And you will get the expected output.
With the width 12 and the height 4 you have the area 48
If you have a value that never changes, you should use a constant instead of a variable. Here’s an example with the constant of PI.
program Constants;
const pi = 3.14;
var radius, area : real;
begin
radius := 5.0;
area := radius * radius * pi;
Write('With the radius ');
Write(radius:1:0);
Write(' we have the area ');
Writeln(area:6:2);
end.
- The strange notation is formatting. It means that we should use 1 space for the number and display 0 decimals.
- The same way this means, use 6 spaces for the number with 2 decimals.
The expected output is
With the radius 5 we have the area 78.50
Read input from user
You easily read input from user with Readln.
program ShoeSize;
var name : string;
var size : real;
begin
Write('What is your name: ');
Readln(name);
Write('What is your shoe size: ');
Readln(size);
Write('Hello '); Write(name);
Write(', your shoesize is '); Writeln(size:3:1);
end.
And the output looks like this. Yellow markings are input done by the user.
What is your name: Mikael What is your shoe size: 41.5 Hello Mikael, your shoesize is 41.5
Control flow
Time to take a look at if-then-else and looping constructs in Pascal.
program GuessTheNumber;
const Max = 1000;
var number, guess, guesses : integer;
begin
Writeln('The number is between 1-1000.');
(* Initialize variables *)
number := Random(Max) + 1;
guess := -1;
guesses := 0;
while guess <> number do begin
Write('Guess the number: ');
Readln(guess);
if guess > number then
Writeln('Your guess was too high')
else
Writeln('Your gess was too low');
guesses := guesses + 1;
end;
Write('You found the number in ');
Write(guesses);
Writeln(' tries.');
end.
- Rand(Max) will randomize a number of 0-999. We add 1 to get a random number of 1-1000.
- The while loop will not exit until guess is equal to number.
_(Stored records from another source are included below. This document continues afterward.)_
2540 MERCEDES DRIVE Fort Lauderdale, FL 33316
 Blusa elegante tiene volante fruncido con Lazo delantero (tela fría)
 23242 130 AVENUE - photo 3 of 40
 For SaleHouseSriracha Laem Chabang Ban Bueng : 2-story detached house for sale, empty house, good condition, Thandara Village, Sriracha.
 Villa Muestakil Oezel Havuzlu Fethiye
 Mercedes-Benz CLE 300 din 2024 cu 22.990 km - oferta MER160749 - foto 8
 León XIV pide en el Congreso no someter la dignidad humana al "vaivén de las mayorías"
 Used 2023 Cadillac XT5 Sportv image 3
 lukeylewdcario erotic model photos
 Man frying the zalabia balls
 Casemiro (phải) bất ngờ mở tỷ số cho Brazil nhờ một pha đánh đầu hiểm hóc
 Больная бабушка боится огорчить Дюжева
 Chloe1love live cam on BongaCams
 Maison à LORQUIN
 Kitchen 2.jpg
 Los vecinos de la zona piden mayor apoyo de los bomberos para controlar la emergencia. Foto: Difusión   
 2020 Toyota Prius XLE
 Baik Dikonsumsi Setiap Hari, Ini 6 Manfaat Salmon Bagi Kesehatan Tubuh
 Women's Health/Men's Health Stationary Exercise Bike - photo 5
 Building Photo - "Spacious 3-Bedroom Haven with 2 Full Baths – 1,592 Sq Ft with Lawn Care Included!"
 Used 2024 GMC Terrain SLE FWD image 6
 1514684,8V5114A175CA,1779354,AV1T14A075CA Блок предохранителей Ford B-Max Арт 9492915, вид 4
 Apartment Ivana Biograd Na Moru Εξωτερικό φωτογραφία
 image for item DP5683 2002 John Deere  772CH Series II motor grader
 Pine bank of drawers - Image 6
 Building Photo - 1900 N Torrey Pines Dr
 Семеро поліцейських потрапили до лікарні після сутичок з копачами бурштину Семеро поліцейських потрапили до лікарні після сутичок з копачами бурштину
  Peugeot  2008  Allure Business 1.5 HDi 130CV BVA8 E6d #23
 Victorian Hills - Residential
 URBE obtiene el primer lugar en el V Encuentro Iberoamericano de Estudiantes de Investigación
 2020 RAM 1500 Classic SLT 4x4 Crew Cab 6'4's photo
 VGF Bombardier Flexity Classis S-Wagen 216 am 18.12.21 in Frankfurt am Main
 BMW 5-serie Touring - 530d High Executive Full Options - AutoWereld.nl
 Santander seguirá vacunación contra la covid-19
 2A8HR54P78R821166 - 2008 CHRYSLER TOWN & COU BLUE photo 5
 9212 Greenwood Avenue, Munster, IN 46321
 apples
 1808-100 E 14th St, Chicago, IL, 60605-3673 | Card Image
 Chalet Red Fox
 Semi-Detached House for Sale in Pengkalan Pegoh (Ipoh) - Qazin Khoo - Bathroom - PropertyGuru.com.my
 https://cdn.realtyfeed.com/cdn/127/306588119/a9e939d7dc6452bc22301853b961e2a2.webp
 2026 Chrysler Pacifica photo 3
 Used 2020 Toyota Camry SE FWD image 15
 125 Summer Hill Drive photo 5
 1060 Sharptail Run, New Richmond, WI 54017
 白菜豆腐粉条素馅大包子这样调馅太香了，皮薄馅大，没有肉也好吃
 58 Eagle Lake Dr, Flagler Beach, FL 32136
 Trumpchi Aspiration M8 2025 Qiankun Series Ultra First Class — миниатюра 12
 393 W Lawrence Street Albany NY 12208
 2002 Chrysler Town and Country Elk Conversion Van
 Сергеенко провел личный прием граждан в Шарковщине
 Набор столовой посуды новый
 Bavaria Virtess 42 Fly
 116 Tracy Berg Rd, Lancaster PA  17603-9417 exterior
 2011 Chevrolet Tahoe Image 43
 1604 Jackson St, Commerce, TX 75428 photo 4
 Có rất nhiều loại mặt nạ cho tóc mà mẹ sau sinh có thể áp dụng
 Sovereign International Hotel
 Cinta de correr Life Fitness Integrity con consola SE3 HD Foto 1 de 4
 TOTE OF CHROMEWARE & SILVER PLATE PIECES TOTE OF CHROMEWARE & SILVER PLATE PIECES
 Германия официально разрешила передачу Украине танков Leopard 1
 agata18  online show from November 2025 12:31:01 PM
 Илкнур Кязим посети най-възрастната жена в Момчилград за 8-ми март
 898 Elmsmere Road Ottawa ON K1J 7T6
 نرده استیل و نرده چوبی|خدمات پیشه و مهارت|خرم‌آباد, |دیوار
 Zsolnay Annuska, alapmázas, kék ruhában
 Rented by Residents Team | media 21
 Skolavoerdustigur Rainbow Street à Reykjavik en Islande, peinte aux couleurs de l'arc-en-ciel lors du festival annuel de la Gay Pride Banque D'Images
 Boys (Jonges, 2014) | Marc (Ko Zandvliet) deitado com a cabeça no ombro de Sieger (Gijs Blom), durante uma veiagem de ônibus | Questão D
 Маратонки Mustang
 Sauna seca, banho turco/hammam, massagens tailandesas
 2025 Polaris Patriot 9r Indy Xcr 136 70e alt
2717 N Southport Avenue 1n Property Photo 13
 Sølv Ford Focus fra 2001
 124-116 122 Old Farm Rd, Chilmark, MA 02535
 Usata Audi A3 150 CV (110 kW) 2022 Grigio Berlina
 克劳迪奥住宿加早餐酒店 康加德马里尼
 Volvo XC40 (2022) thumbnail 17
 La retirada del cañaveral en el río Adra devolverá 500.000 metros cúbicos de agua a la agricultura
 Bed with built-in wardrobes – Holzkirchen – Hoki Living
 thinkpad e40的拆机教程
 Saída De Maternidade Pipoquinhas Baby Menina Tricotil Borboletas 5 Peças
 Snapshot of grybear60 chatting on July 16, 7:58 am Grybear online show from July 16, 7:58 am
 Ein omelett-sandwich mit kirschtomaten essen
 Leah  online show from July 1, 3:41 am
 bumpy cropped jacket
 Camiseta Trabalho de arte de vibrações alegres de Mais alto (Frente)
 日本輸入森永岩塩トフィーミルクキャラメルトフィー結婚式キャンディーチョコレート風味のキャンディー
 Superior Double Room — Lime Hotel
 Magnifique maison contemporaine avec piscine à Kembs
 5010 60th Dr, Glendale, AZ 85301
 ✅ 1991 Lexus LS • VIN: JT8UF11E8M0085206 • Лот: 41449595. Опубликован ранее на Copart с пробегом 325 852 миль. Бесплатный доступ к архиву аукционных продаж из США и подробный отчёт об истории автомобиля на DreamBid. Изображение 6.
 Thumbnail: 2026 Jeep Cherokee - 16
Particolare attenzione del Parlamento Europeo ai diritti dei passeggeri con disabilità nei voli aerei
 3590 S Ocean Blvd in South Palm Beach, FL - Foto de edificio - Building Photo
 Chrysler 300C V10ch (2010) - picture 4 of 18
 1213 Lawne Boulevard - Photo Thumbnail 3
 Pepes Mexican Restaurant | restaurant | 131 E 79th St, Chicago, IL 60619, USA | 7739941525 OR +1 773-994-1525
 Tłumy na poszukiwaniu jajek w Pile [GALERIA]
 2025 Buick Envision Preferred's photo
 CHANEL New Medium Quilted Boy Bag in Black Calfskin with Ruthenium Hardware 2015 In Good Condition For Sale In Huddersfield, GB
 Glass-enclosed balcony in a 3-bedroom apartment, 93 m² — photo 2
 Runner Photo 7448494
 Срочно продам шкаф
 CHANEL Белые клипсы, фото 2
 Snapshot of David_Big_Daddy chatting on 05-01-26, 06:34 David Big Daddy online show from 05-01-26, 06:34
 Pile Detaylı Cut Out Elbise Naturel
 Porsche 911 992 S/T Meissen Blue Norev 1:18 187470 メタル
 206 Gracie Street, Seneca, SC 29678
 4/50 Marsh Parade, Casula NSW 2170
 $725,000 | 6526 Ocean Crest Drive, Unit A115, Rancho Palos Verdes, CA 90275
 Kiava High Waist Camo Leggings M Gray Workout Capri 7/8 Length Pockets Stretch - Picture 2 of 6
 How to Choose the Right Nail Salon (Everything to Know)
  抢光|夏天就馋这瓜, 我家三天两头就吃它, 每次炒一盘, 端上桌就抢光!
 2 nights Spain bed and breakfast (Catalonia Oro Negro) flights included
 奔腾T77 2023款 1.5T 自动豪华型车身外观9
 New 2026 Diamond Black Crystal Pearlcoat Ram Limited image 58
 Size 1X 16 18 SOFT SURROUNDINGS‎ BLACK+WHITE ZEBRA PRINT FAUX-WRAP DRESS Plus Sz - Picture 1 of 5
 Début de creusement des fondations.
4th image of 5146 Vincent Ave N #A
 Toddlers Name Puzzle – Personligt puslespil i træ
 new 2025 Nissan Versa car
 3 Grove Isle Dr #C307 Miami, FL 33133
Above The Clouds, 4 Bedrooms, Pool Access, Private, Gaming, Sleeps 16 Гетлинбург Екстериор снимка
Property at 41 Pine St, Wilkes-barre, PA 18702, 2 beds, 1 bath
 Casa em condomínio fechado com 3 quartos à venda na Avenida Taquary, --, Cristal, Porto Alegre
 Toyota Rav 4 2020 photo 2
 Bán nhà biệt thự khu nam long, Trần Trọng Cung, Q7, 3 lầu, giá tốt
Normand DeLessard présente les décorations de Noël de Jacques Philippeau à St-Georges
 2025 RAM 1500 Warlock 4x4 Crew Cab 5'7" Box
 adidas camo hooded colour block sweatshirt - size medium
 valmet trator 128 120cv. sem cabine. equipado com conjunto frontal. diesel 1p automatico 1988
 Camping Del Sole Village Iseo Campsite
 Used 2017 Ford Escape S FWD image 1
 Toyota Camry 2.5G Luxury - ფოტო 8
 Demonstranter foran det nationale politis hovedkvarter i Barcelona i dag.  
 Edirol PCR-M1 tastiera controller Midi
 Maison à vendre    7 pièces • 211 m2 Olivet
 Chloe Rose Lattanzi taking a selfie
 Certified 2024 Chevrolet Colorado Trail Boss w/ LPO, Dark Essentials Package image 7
Begin marks the beginning of a code block.
- Runs the next expression if guess is larger than number, otherwise runs the else case.
- Notice that semicolon (;) is missing when there is an else case.
The expected output is
The number is between 1-1000. Guess the number: 500 Your gess was too low Guess the number: 800 Your guess was too high Guess the number: 750 Your guess was too high Guess the number: 650 Your guess was too high Guess the number: 550 Your guess was too high Guess the number: 525 Your gess was too low Guess the number: 535 Your gess was too low Guess the number: 545 Your gess was too low Guess the number: 548 Your gess was too low Guess the number: 549 Your gess was too low You found the number in 10 tries.
As you notice, the code will tell us that “Your guess was too low” even when we’re spot on. How do we fix that bug?
For-loop
The for loop starts at a number and counts it up until it reaches a max.
program Pyramid;
var i, j : integer;
var height : integer;
begin
Write('Height of pyramid: ');
Readln(height);
for i := 1 to height do begin
(* Write empty spaces before building blocks *)
for j := 1 to (height - i) do
Write(' ');
(* Write building blocks *)
for j := 1 to (i + (i - 1)) do
Write('*');
Writeln();
end;
end.
- Will loop “height” number of times. First time i will be 1, second time it will be 2 and so on. Notice the begin that marks beginning of a block that ends on line 19.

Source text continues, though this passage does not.